There is no doubt that Corbyn’s support draws together many flows. It draws together young and old, long histories and new initiatives. And among these new constituencies there are also connections with some of the most innovative moments in socialist democracy over the past fifty years: the anti-racist, feminist and peace movements; the great experiments in popular democracy by the metropolitan counties of the urban left and the Greater London Council; and later waves of experimental activism, from alter-globalisation to Occupy.

This support is multifarious, possibly inchoate. Can it be given a shape that can channel into a more focused energy, and a coherent – even while open – set of political purposes?

Here Corbyn is already playing a role as someone who in some way stands for that range of diverse demands. But in these early moments, neither the full nature of the diversity that has been brought together, or the precise way in which the demands can be related to each other and embodied is at all clear.
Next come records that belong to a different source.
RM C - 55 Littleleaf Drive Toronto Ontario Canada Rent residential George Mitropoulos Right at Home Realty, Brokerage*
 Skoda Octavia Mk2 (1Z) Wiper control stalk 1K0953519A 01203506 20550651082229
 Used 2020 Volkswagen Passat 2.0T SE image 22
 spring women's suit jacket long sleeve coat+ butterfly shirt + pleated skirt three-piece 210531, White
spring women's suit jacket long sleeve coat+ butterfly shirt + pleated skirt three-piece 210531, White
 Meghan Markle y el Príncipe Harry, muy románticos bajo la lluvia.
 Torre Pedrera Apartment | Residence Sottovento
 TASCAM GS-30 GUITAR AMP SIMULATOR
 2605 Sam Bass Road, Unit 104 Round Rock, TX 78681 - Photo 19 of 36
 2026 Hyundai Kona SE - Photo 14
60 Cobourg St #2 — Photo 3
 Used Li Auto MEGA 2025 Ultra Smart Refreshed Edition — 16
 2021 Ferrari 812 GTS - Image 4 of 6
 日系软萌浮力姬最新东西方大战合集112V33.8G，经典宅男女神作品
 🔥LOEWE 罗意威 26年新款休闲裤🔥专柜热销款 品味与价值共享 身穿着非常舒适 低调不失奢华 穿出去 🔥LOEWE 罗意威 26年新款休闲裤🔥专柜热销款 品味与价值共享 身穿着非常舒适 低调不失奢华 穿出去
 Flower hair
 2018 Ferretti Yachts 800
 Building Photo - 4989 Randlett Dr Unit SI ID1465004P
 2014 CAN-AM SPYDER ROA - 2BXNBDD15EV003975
There are, therefore, political tasks. How can different groups be brought into alliance? Are there common enemies that might form the basis for such an alliance? In other words, is there any way in which – without in any way abandoning the particularity of different demands (housing, environment, trade union rights …) an identifiable commonality can be found among them? The question then becomes whether or not Corbyn can ‘represent’ the commonality of these demands. And this is a question of process – a two-way process, and one which is ongoing. Here Corbyn’s commitment to democratic engagement and openness, and to doing politics in a different way, as well as his rejection of individual celebrity status, is a real strength.

These kinds of tough analytical and political engagement are necessary to the creation of a successful movement, and for the construction of a political frontier. There is a real question in the UK today of exactly how we would characterise this frontier and who/what is ‘the enemy’. ‘Capitalism’ is too general and has little immediate popular purchase, while to focus on, for example, ‘housing landlords’ is too specific. How about something that captures the dominance of finance and financialisation in our lives and society? If the experience of Podemos is anything to go by, this will be a long-debated issue. They decided on ‘la casta’ versus ‘el pueblo’. But the identification of a political frontier needs to be a product of a response to the specificity of time and place. This is a task that should now be addressed.

It may be that Jeremy Corbyn will somehow be hounded out. If he is, and if the party returns to the comfort zone of pale imitation of the Tories – in a context whereby the centre will inevitably move yet further to the right – the Labour Party may well face extinction as any kind of progressive force. We must do everything we can to keep this initiative growing and to play our part in the wider movement that keeps on bubbling up.